AIM OF THE EXERCISE:
Output, exactly and with no pictures, the line that contains "Anti Brumm ērču" and every line that comes after it in the data below, the last one included.

THE INPUT:
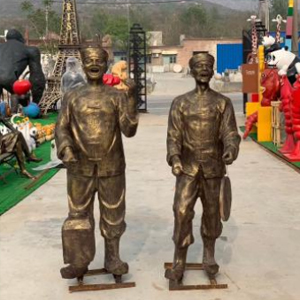 打更人物仿銅 玻璃鋼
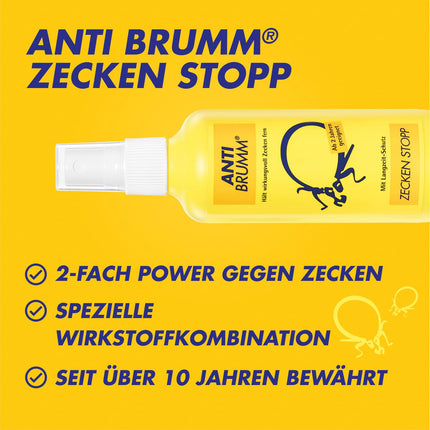 Anti Brumm ērču atbaidīšanas pumpja aerosols, 75 ml: atbaidīšanas līdzeklis uzticamai aizsardzībai pret ērcēm, ērču aerosols ar ikaridīnu un citroneikalipta eļļu
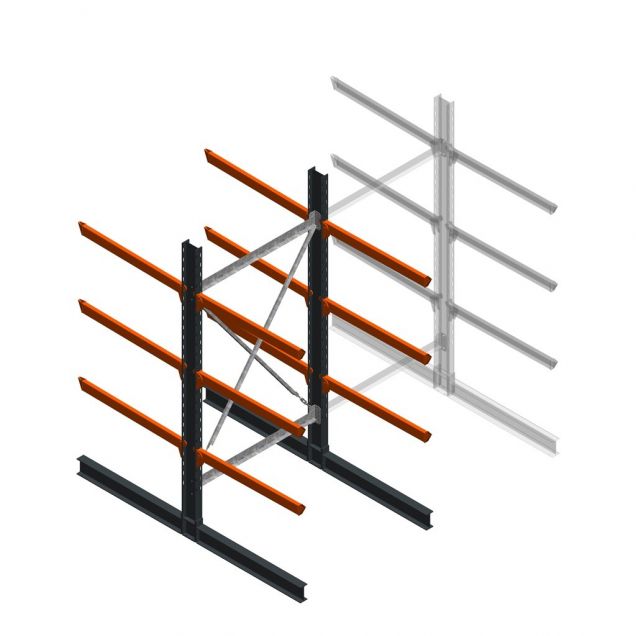 Zware draagarmstelling dubbelzijdig 3000x1500x1200mm (hxbxd) 3 niveaus beginsectie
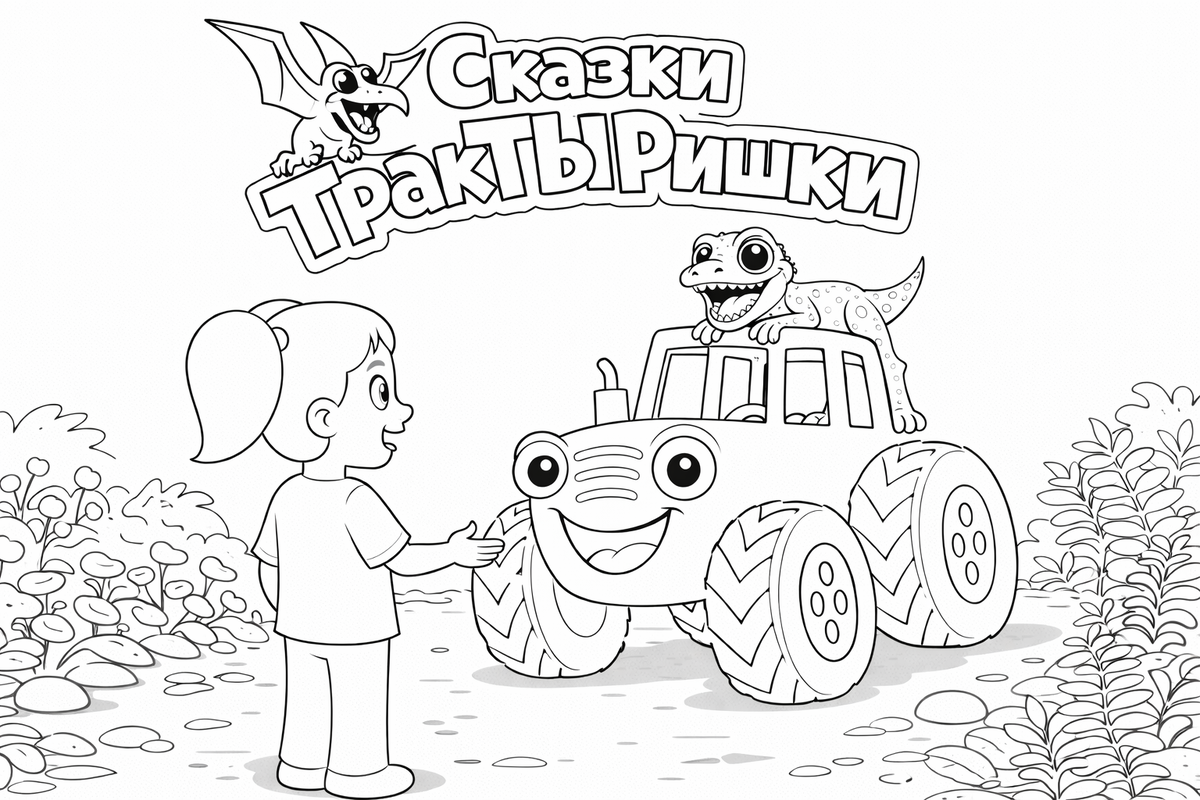 Детская раскраска «ТракТЫРишкА и Шустрик» — добрый динозавр балуется рядом с трактором. Раскраски ТракТЫРишкА для детей про динозавров.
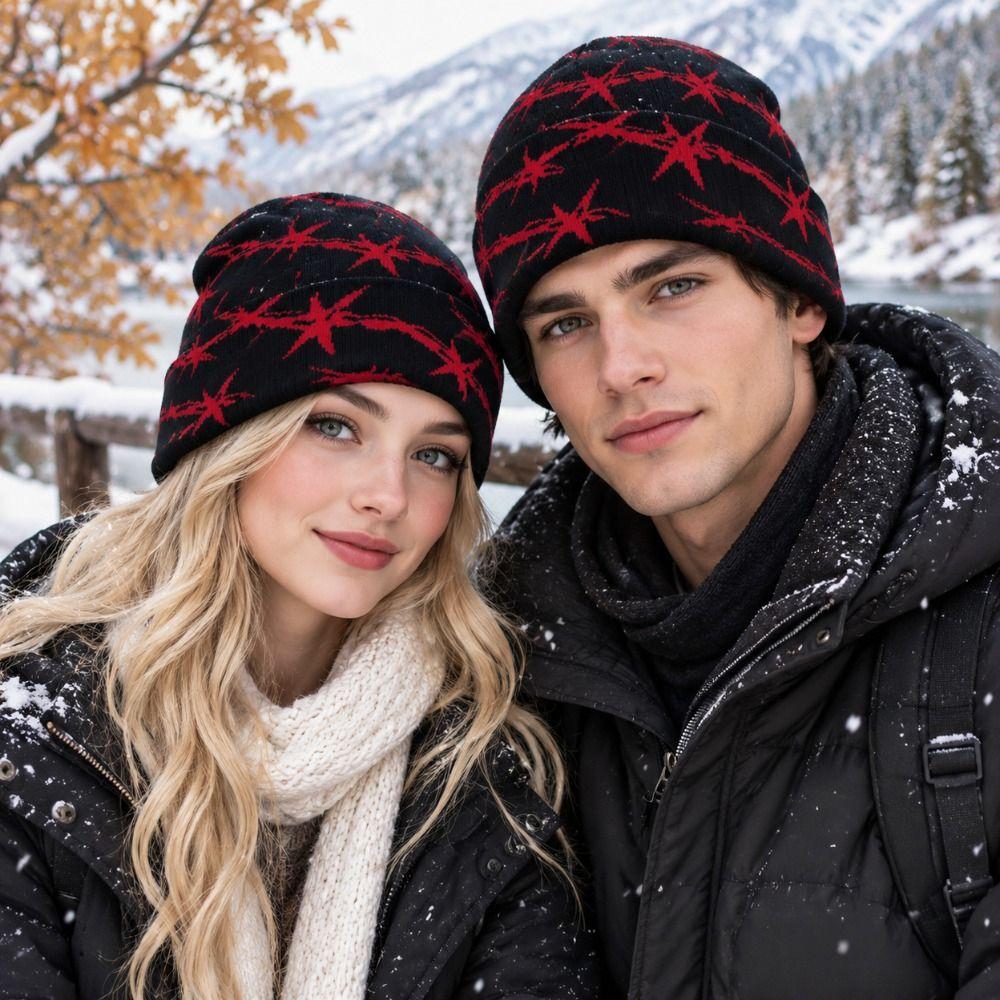 Thickened Double Layer Knit Beanie Warm Knitted Hat Streetwear Winter Skull Cap Outdoor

EXERCISE RESULT:
 Anti Brumm ērču atbaidīšanas pumpja aerosols, 75 ml: atbaidīšanas līdzeklis uzticamai aizsardzībai pret ērcēm, ērču aerosols ar ikaridīnu un citroneikalipta eļļu
 Zware draagarmstelling dubbelzijdig 3000x1500x1200mm (hxbxd) 3 niveaus beginsectie
 Детская раскраска «ТракТЫРишкА и Шустрик» — добрый динозавр балуется рядом с трактором. Раскраски ТракТЫРишкА для детей про динозавров.
 Thickened Double Layer Knit Beanie Warm Knitted Hat Streetwear Winter Skull Cap Outdoor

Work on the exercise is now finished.